Fuori dal carcere devi vincere la paura della libertà. Ecco come

 

 

Un giornale "normale" che ospita un giornale in qualche modo "anormale", perché realizzato in carcere da "giornalisti" detenuti: cominciano a diffondersi nel nostro paese esperienze di questo tipo, che sono importanti, perché portano il carcere nel cuore della vita cittadina. È quello che fa anche la "Voce isontina", il settimanale dell’arcidiocesi di Gorizia che racchiude al suo interno "L’eco di Gorizia", un giornale che arriva direttamente dal carcere locale. Proponiamo parte dell’articolo, che è stato scelto come editoriale per spiegare ai lettori "normali" che neppure uscire dal carcere è facile, se non c’è qualcuno disposto ad accoglierti.

 

Ornella Favero

 

All’uscita del carcere c’era R., la mia donna. Ritornato al paese la cosa si complicava ulteriormente. Mi sentivo colpevole dei miei errori e provavo vergogna nell’incontrare la gente, avrei voluto aspettare che si facesse buio per avvicinarmi a casa ed entrarvi. Dissi alla mia compagna di continuare la sua vita di sempre che non avrei dato fastidio e rimasi tre giorni chiuso in casa a progettare in segreto la mia "fuga". Acquistai un biglietto per il traghetto Trieste-Patrasso. Quando tornai a casa R.

era andata come sempre a lavorare: lava le scale dei casamenti per arrotondare dato che non deve pensare solo a lei ma aiutare anche me e i suoi figli. La stessa sera vidi U., l’amico che aveva diviso con me la stessa cella per alcuni mesi. "Come te la passi, vecchio lupo?", mi chiese. "Male!, risposi. "Non ho il coraggio di uscire di casa perché non so cosa ne pensa la gente di me e di tutto il casino che ho fatto". Al che U. mi disse: "...devi uscire di casa, andare a lavorare e alla sera rientri per dormire, la gente noterà il tuo cambiamento e le cose si aggiusteranno". "Sai U", gli dissi "sono senza soldi e senza lavoro". Lui per niente scoraggiato mi rispose: "Domani mattina alle 7 fatti trovare pronto, andiamo al cantiere", poi si mise la mano in tasca e mi diede del denaro. Accettai.

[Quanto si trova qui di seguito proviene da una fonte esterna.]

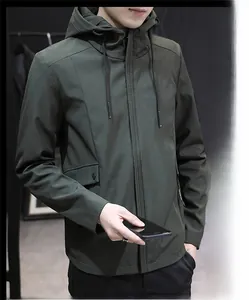 Detail of dark green hooded jacket featuring zipper closure and adjustable drawstring hood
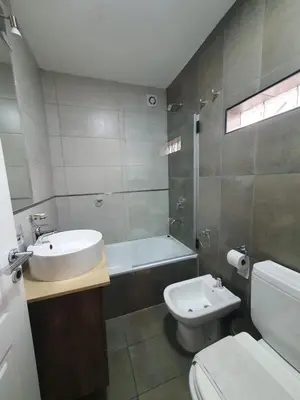 a bathroom with a sink and a toilet and a tub at LOAN Nueva Cordoba categoría appart 11B in Cordoba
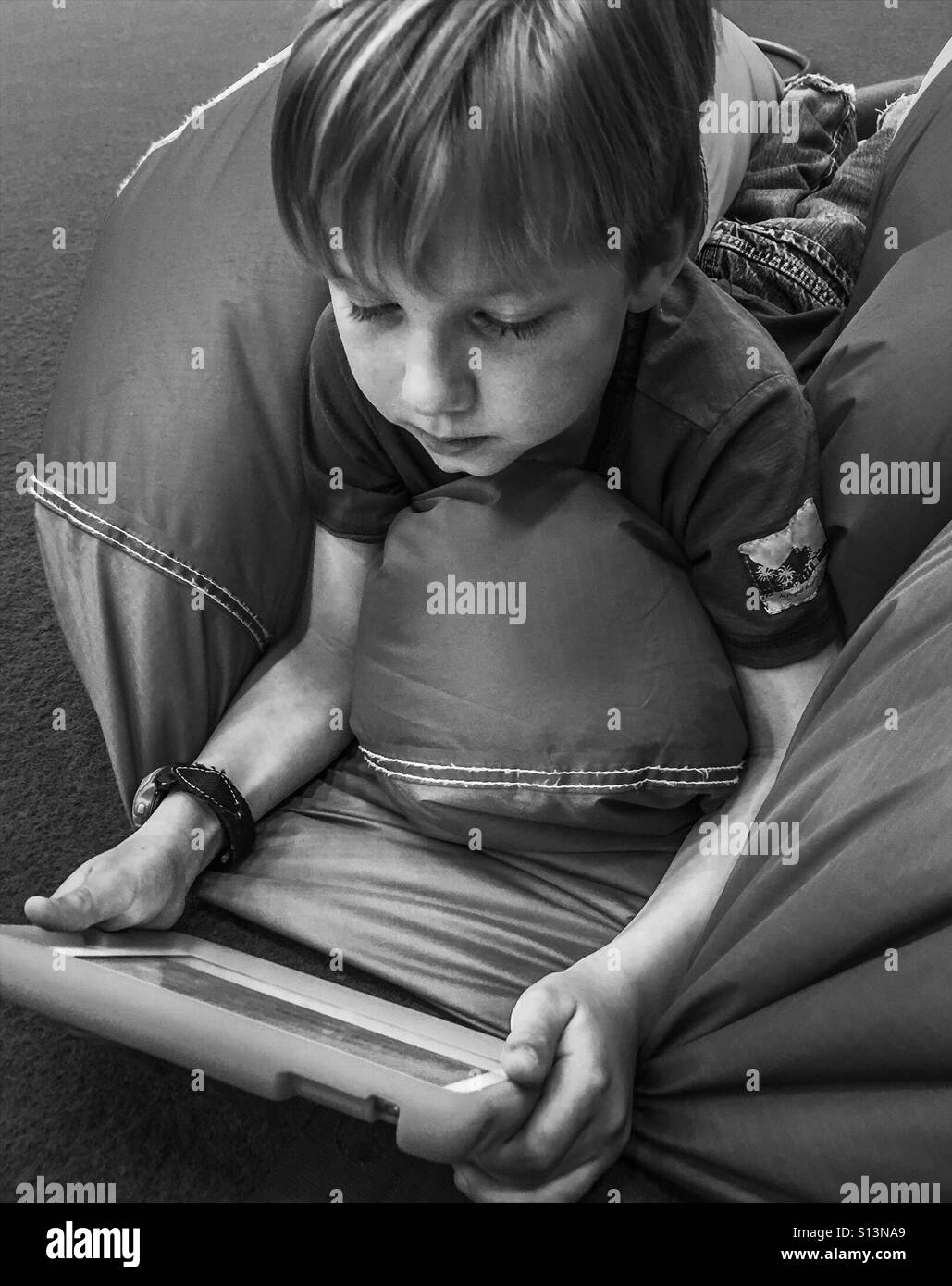 A boy lying on his stomach plays on a tablet. Stock Photo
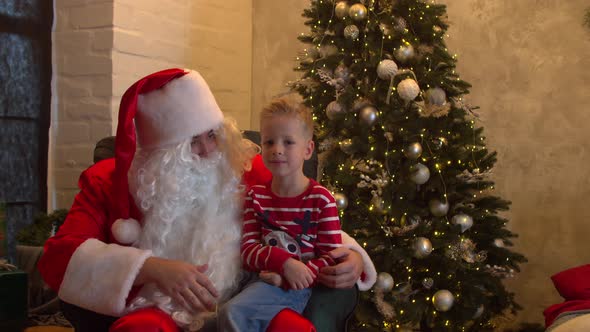 Santa Claus Giving Present for Cute Boy at Christmas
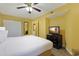 Bedroom with a flat-screen TV and closet doors on a yellow-walled room at 2007 S Ocean Blvd. # 1403, Myrtle Beach, SC 29577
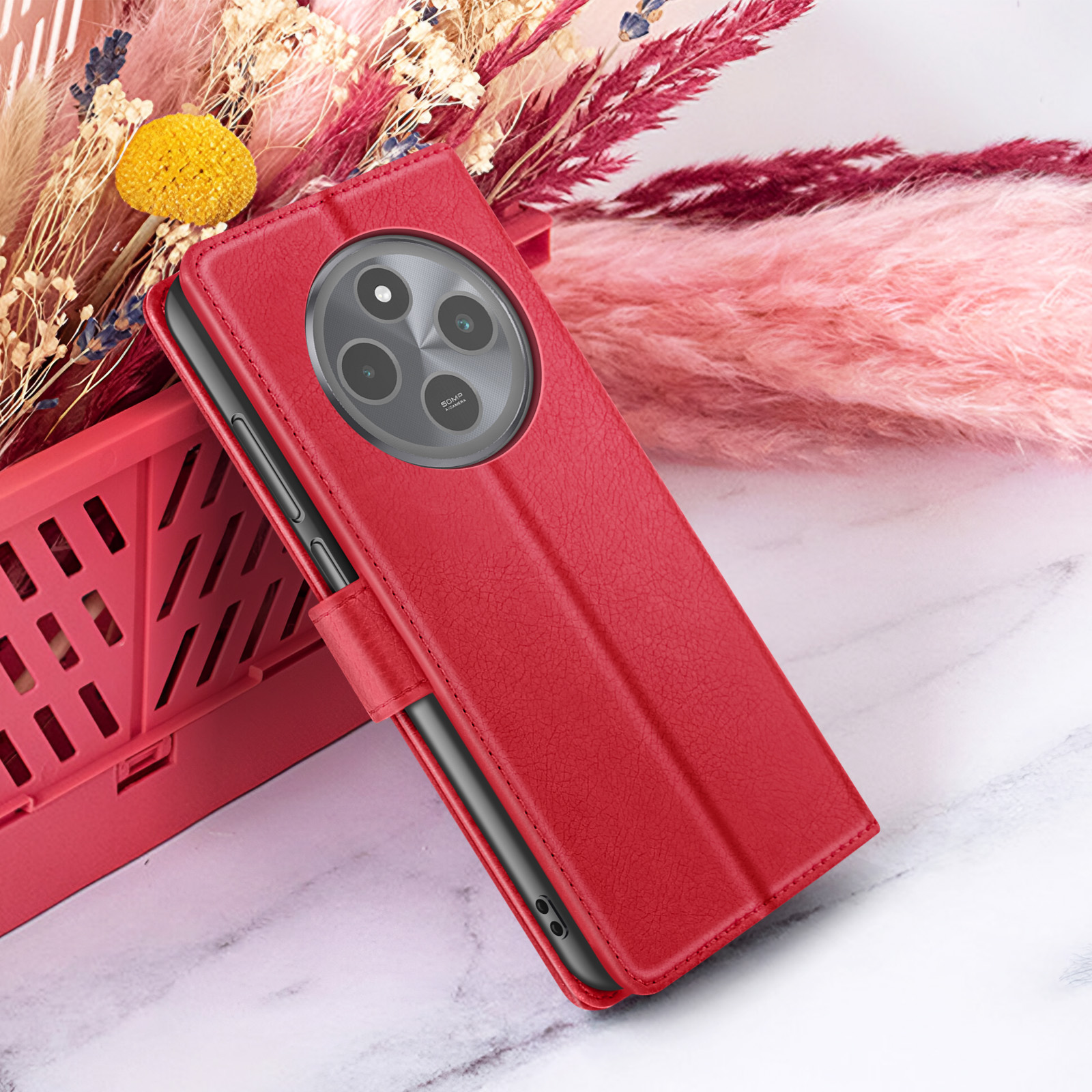 Étui de téléphone rouge avec découpe pour appareil photo, sur une surface en marbre avec arrangement floral rose et beige en arrière-plan.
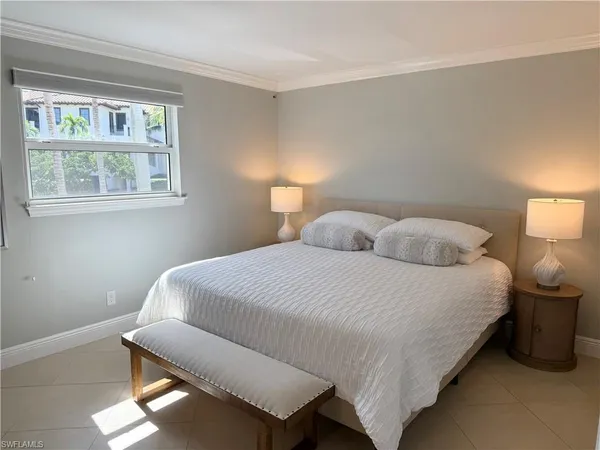 a bedroom with a bed and window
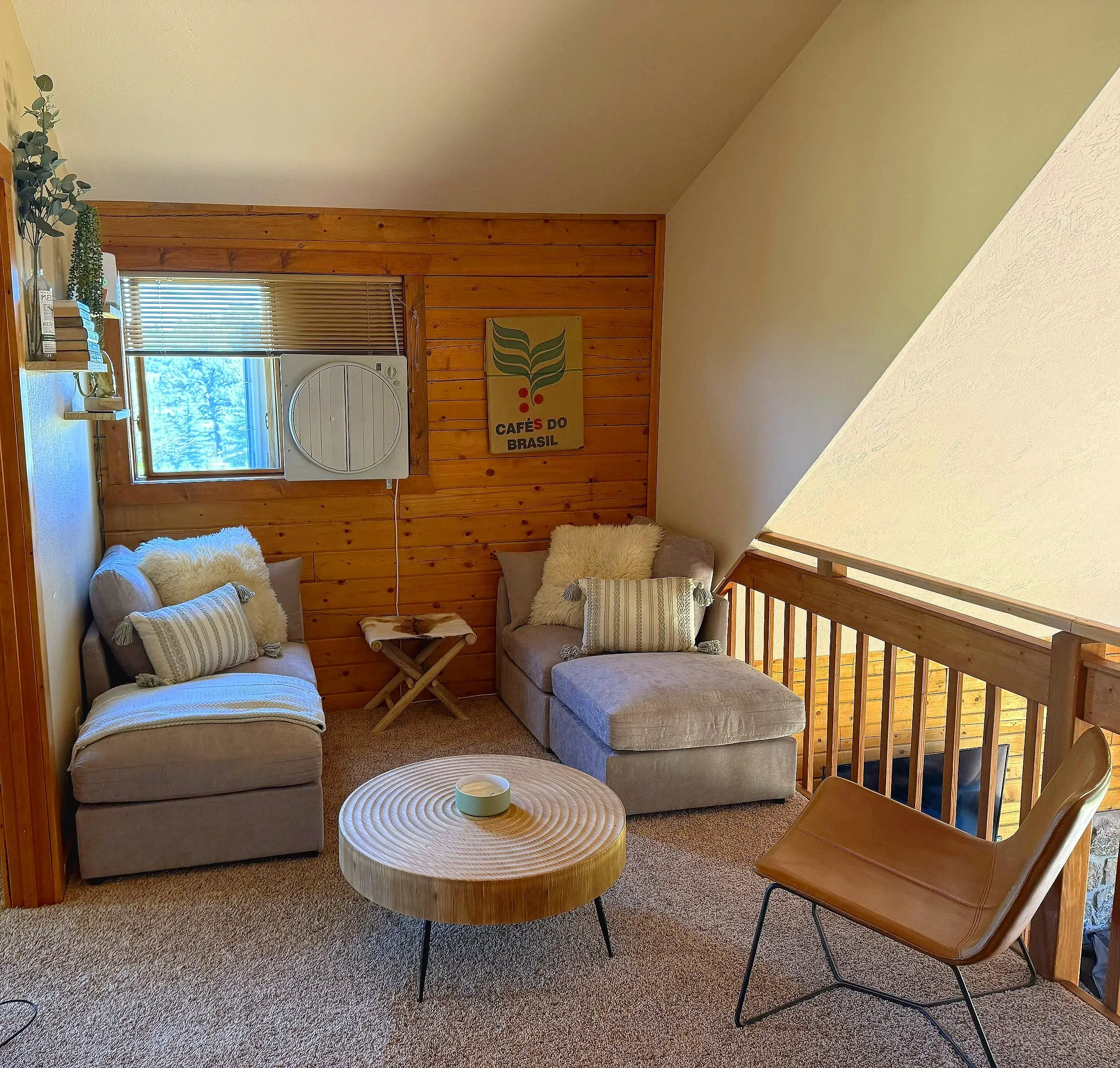 Living room with two sofas, round wooden coffee table, wooden chair, window with blinds, wood-paneled wall, laundry dryer, plant, and framed art that says "Café do Brasil."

La mattina seguente incontrai per le scale una vicina di casa, la Signora P., mi diede il buongiorno, io risposi a testa bassa, in quel momento si aprì la porta affianco e uscì la signora E., stessa storia, dissi: "Vi chiedo scusa per tutto quello che ho fatto ed anche per ciò che non ricordo". Finché la signora P: mi disse; Dino puoi guardare in faccia la gente e salutarla quando passi. Sei ritornato a casa bene in salute come tanto tempo fa, prima che cominciassi a bere. Se non bevi sei una brava persona.

Le ringraziai e andai a lavorare. Il biglietto per la Grecia è rimasto nel cassetto, mi sento un po' meno vigliacco perché ho il coraggio di raccontare la mia storia.